2. All of the criteria for Anorexia Nervosa are met except that, despite significant weight loss, the individual’s current weight is in the normal range.

3. All of the criteria for Bulimia Nervosa are met except that the binge eating and inappropriate compensatory activities occur less frequently than twice a week or haven’t lasted for 3 months.

4. The regular use of inappropriate compensatory behaviors by an individual of normal body weight after eating small amounts of food (for example, vomiting after eating two cookies).

5. Repeatedly chewing and spitting out, but not swallowing large amounts of food.

6. Binge-eating disorder: recurrent episodes of binge eating without purging in some way.


Body Dysmorphic Disorder

I want to mention Body Dysmorphic Disorder briefly here. It is a Somatoform Disorder (which is a physical condition which results from a psychological source)

Body Dysmorphic Disorder is not an Eating-Disorder, but the dissatisfaction with body shape and size with this disorder is similar to that in Anorexia Nervosa.

Body Dysmorphic Disorder is a preoccupation with an imagined defect in appearance.
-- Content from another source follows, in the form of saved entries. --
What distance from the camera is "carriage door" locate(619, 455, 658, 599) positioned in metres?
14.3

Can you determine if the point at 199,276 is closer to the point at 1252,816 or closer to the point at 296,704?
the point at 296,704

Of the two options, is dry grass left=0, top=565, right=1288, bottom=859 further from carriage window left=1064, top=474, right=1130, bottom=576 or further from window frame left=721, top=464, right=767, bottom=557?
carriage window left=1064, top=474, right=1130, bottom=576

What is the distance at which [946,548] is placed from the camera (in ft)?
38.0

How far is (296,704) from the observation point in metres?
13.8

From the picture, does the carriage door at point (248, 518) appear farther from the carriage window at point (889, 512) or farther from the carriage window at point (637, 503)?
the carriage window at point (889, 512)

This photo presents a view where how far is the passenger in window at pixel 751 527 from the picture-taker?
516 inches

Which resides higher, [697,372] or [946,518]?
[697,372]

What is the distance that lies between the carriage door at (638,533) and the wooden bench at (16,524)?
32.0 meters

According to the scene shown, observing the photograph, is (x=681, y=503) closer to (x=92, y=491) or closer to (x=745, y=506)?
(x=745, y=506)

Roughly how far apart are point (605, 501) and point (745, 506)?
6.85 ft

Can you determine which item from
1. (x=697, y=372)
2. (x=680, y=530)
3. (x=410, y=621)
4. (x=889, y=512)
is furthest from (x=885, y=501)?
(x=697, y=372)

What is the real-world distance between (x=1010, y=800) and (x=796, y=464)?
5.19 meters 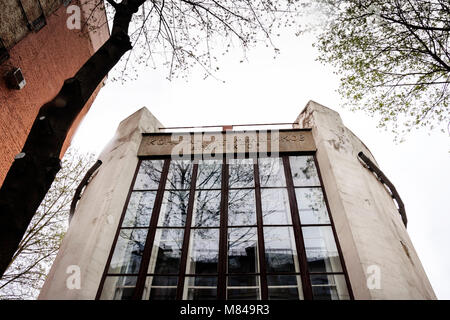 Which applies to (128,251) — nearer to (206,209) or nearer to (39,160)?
(206,209)

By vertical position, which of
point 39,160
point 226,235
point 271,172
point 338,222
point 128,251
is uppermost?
point 271,172

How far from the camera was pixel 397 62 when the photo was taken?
691 cm

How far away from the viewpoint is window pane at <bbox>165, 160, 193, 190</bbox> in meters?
5.83

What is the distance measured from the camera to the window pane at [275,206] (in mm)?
5082

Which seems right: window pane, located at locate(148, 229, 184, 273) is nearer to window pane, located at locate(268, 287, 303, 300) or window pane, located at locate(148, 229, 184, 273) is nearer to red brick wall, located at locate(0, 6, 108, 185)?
window pane, located at locate(268, 287, 303, 300)

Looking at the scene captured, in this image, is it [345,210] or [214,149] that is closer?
[345,210]

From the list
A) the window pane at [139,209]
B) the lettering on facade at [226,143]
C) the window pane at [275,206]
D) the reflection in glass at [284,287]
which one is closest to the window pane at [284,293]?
the reflection in glass at [284,287]

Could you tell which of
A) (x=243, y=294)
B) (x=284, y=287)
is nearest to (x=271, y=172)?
(x=284, y=287)

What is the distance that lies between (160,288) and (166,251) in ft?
2.15

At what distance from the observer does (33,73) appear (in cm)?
798

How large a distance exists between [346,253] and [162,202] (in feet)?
12.2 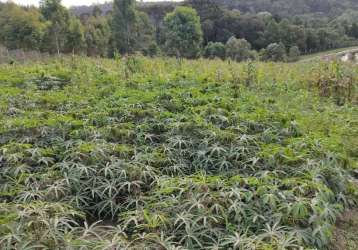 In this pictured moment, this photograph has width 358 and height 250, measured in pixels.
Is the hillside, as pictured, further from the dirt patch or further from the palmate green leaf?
the palmate green leaf

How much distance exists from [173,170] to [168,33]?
835 inches

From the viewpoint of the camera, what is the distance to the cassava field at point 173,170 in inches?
85.1

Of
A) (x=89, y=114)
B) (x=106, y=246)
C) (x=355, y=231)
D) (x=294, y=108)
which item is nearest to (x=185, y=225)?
(x=106, y=246)

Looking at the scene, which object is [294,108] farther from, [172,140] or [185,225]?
[185,225]

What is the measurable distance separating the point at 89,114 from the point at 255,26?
29.1m

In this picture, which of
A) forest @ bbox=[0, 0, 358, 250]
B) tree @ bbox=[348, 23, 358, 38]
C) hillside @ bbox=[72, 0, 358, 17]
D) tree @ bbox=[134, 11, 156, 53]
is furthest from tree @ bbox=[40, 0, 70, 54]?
hillside @ bbox=[72, 0, 358, 17]

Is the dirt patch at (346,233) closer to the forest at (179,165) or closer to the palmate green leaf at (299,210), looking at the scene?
the forest at (179,165)

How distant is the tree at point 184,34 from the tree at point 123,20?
2.58 meters

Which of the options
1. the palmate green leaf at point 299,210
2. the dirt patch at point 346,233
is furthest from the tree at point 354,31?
the palmate green leaf at point 299,210

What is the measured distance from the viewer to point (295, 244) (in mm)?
2041

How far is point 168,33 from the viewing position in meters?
23.2

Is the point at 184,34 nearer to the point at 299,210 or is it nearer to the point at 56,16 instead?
the point at 56,16

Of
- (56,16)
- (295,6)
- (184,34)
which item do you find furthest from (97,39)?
(295,6)

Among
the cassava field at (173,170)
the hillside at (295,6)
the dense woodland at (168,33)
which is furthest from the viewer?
the hillside at (295,6) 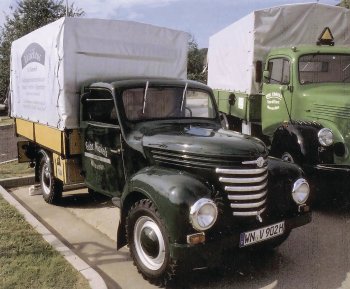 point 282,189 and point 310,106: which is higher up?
point 310,106

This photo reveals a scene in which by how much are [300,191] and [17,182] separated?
5.78 metres

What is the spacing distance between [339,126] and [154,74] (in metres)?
2.89

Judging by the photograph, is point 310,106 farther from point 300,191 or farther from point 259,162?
point 259,162

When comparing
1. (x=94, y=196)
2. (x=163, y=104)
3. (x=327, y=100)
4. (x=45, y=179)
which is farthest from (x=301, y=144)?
(x=45, y=179)

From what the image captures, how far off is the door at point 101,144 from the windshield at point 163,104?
233 millimetres

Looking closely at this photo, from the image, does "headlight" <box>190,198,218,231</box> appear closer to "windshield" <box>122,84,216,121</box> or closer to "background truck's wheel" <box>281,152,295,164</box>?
"windshield" <box>122,84,216,121</box>

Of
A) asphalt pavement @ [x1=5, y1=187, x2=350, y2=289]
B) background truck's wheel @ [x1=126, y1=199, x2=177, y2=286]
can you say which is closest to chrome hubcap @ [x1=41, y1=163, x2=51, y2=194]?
asphalt pavement @ [x1=5, y1=187, x2=350, y2=289]

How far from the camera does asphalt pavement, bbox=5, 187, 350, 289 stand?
399cm

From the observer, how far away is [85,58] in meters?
5.82

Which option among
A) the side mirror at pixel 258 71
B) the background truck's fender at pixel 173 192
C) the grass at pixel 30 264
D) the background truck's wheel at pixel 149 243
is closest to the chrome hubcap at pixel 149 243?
the background truck's wheel at pixel 149 243

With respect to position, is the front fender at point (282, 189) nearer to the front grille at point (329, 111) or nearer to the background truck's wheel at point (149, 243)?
the background truck's wheel at point (149, 243)

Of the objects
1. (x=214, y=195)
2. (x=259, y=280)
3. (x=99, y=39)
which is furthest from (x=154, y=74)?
(x=259, y=280)

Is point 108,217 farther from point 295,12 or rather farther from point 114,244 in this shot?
point 295,12

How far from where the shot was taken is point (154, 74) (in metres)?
6.49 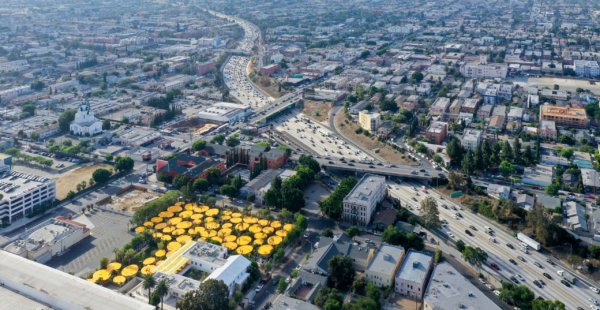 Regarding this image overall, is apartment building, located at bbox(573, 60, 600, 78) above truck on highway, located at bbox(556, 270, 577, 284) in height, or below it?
above

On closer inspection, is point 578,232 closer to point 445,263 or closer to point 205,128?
point 445,263

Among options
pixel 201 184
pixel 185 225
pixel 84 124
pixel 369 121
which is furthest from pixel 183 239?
pixel 369 121

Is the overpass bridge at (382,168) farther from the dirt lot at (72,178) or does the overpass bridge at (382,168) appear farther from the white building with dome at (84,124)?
the white building with dome at (84,124)

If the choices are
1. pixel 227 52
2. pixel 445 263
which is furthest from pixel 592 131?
pixel 227 52

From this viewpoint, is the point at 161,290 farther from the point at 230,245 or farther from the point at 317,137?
the point at 317,137

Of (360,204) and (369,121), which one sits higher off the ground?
(360,204)

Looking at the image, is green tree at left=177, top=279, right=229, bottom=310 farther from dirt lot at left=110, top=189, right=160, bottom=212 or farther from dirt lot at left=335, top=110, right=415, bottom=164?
dirt lot at left=335, top=110, right=415, bottom=164

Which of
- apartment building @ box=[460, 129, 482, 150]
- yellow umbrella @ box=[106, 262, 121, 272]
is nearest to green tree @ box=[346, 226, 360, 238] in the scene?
yellow umbrella @ box=[106, 262, 121, 272]

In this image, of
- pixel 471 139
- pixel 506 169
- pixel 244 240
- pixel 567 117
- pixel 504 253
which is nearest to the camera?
pixel 504 253

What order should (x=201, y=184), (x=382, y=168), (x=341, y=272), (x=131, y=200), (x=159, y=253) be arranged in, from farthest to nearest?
1. (x=382, y=168)
2. (x=201, y=184)
3. (x=131, y=200)
4. (x=159, y=253)
5. (x=341, y=272)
If a slight physical anomaly is present, the person's concern is markedly excessive.

The preoccupation causes clinically significant distress or impairment in social, occupational, or other important areas of functioning.

The preoccupation is not due to Anorexia Nervosa.

You've seen these people on talk shows who just keep going back to cosmetic surgeons, are never satisfied with their appearance, and are miserable. In other instances, these individuals are so preoccupied with their perceived "flaws" that they can't date, go to work, or attend college. It is a very serious problem.


Book Recommendations

Insatiable: The Compelling Story of Four Teens, Food and Its Power by Eve Eliot, HCITeen Publisher.

This book tells the stories of four teenagers who have eating-disorders. Samantha is silent and non-feeling and perfect and controlling. Hannah is experiencing a debilitating grief, Jessica has had to grow up too fast and be too responsible, and Phoebe is numbing her pain with food.

Teenage girls with eating-disorders can be difficult clients. This book is written for adolescents and speaks directly to them through the stories of these four peers. I recommend it.

Wasted: A Memoir of Anorexia and Bulimia by Marya Hornbacher, Harper Publishers.

I really like this book. It also speaks to the experience of the teen and young woman from a first-person perspective. Marya Hornbacher is witty and honest. She talks about her therapy and how she manipulates the psychologist, she lets us in on the control issues involved. She also speaks to the cultural component of eating-disorders, but also emphasizes the seriousness of the condition. She is not unlike some of the young women I’ve worked with who are creative and smart and yet totally out of control. She shares her inner world of eating-disordered thinking and perceiving and it’s fascinating, sometimes even funny. Her language is real and candid. I highly recommend this novel.